Truss Quits Amid Tory Rebellion, Financial Turmoil
Just a day earlier she had vowed to stay in power, saying she was ‘a fighter and not a quitter.’ The opposition Labor party is calling for a general election.
LONDON — Prime Minister Truss has resigned — bowing to the inevitable after a tumultuous six-week term in which her policies triggered turmoil in financial markets and a rebellion in her party obliterated her authority.
She said “I cannot deliver the mandate on which I was elected.”
Just a day earlier Ms. Truss had vowed to stay in power, saying she was “a fighter and not a quitter.”
Yet Ms.

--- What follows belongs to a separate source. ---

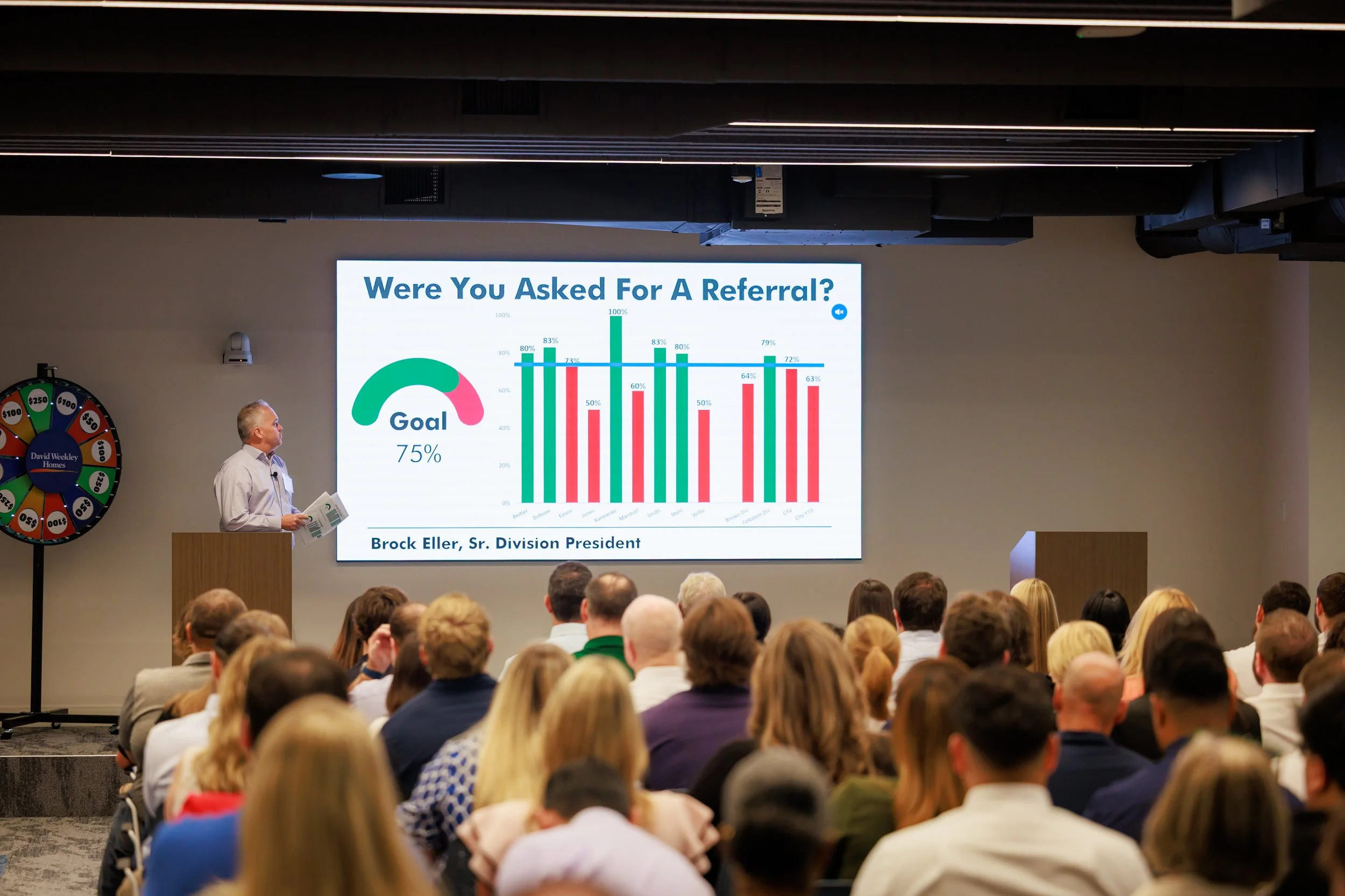 7.24.2026-David-Weekley-Homes-July-Division-Meeting-Web-Steven-Pedini-Photography-78-8Y2A5672.jpg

Truss left Thursday after she was forced to abandon many of her economic policies and lost control of Conservative Party discipline.
Her departure leaves a divided party seeking a leader who can unify its warring factions.
A growing number of lawmakers had called for Ms. Truss to resign after weeks of turmoil sparked by her pro-growth, supply-side economic plan.
The plan, unveiled by the government last month, triggered financial turmoil and a political crisis that has seen the replacement of Ms. Truss’ Treasury chief, multiple policy U-turns and a breakdown of discipline in the governing Conservative Party.
Earlier, a Conservative lawmaker, Simon Hoare, said the government was in disarray.
“Nobody has a route plan. It’s all sort of hand-to-hand fighting on a day-to-day basis,” he told the BBC on Thursday. He said Ms. Truss had “about 12 hours” to turn the situation around.
Ms. Truss had held a hastily arranged meeting in her 10 Downing Street office with a senior Conservative lawmaker who oversees leadership challenges, Graham Brady. Mr. Brady was tasked with assessing whether the prime minister still has the support of Tory members of Parliament — and it seemed she did not.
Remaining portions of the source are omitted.